* PROBLEM DETAILS *
Each line from the one that includes "Photo 24 of this NISSAN MAXIMA" to the last line of the data below should be set down exactly; no other lines are wanted.

* DATA FOR THE TASK *
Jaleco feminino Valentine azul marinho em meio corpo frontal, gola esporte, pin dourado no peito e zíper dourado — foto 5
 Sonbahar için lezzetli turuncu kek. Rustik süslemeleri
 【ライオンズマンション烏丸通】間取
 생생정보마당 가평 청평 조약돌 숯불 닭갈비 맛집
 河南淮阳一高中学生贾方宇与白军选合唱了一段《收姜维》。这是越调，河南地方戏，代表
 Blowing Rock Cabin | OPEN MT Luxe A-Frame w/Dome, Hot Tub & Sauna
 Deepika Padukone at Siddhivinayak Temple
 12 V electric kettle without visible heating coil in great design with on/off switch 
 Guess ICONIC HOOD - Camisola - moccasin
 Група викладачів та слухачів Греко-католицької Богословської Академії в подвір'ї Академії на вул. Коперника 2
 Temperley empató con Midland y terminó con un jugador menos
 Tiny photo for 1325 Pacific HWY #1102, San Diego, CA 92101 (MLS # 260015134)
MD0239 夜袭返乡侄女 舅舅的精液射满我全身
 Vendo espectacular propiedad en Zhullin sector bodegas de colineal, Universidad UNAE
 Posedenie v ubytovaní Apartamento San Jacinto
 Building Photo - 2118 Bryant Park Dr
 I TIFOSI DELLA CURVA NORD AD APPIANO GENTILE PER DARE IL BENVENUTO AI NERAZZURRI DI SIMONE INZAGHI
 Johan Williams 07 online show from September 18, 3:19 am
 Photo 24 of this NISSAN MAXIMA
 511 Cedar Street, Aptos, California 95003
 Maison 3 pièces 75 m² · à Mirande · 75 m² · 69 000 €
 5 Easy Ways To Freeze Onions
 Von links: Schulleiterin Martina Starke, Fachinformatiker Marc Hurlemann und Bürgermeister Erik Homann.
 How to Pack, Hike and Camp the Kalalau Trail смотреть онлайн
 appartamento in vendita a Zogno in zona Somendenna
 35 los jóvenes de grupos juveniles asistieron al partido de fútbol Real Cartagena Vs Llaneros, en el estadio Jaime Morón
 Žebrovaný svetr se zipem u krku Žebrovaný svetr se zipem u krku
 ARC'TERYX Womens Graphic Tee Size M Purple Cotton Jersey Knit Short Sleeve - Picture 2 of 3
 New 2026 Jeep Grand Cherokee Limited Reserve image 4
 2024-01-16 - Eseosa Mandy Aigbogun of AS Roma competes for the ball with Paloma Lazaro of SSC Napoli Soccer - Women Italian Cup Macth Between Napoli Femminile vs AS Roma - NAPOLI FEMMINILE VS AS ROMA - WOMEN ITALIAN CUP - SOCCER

* RESPONSE *
 Photo 24 of this NISSAN MAXIMA
 511 Cedar Street, Aptos, California 95003
 Maison 3 pièces 75 m² · à Mirande · 75 m² · 69 000 €
 5 Easy Ways To Freeze Onions
 Von links: Schulleiterin Martina Starke, Fachinformatiker Marc Hurlemann und Bürgermeister Erik Homann.
 How to Pack, Hike and Camp the Kalalau Trail смотреть онлайн
 appartamento in vendita a Zogno in zona Somendenna
 35 los jóvenes de grupos juveniles asistieron al partido de fútbol Real Cartagena Vs Llaneros, en el estadio Jaime Morón
 Žebrovaný svetr se zipem u krku Žebrovaný svetr se zipem u krku
 ARC'TERYX Womens Graphic Tee Size M Purple Cotton Jersey Knit Short Sleeve - Picture 2 of 3
 New 2026 Jeep Grand Cherokee Limited Reserve image 4
 2024-01-16 - Eseosa Mandy Aigbogun of AS Roma competes for the ball with Paloma Lazaro of SSC Napoli Soccer - Women Italian Cup Macth Between Napoli Femminile vs AS Roma - NAPOLI FEMMINILE VS AS ROMA - WOMEN ITALIAN CUP - SOCCER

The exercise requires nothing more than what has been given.